Objectives: We previously reported the therapeutic potential of Bifidobacterium breve A1 (B. breve A1) for preventing cognitive impairment in Alzheimer's disease model mice, which suggested that supplementation of the probiotics could be an effective therapeutic strategy for managing cognitive function in mild cognitive impairment (MCI).
Design and settings: We conducted an open-label, single-arm study to examine the effects of 24-week supplementation of B. breve A1 on elderly with MCI in Aki Orthopedics Rehabilitation Clinic in Japan.
Participants: 27 participants were screened by their Mini Mental State Examination (MMSE) scores.

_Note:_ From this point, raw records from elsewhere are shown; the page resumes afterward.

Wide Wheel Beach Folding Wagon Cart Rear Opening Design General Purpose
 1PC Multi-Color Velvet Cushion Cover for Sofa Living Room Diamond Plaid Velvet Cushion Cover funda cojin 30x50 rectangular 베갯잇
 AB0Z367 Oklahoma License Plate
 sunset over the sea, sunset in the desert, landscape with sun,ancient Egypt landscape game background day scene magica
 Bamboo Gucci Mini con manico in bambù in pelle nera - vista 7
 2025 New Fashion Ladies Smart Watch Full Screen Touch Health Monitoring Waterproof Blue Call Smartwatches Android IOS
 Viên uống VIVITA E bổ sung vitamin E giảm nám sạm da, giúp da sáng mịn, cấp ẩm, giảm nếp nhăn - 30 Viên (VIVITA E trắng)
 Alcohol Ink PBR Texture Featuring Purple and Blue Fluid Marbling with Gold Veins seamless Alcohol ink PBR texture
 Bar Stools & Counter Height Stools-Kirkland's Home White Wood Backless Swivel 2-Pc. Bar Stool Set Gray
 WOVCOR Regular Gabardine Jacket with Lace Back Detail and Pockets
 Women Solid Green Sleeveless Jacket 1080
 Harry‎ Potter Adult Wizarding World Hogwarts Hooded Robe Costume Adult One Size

Measurements: Cognitive function was assessed using MMSE and Digit Symbol Substitution Test (DSST) at baseline and every 8 weeks. Mental condition and quality of life for gastrointestinal symptoms were measured using the Profile of Mood States 2nd Edition (POMS2), and the Gastrointestinal Symptom Rating Scale (GSRS).
Results: Of the 27 participants enrolled, 19 completed the study. MMSE scores were significantly increased during the intervention by mixed model Dunnett's test and Wilcoxon signed-rank tests (+1.7, P < 0.01). POMS2 and GSRS scores were significantly improved during intervention when analyzed by Wilcoxon signed-rank tests.
Conclusion: The present study showed that oral supplementation of B. breve A1 in participants with MCI improved cognitive function, thus suggesting the potential of B. breve A1 for improving cognitive function and maintaining quality of life of the elderly. Further randomized, double-blind placebo-controlled studies are worth conducting to examine the beneficial effect of B. breve A1.
Keywords: Alzheimer’s disease; Bifidobacterium; Dementia; cognitive impairment; probiotics.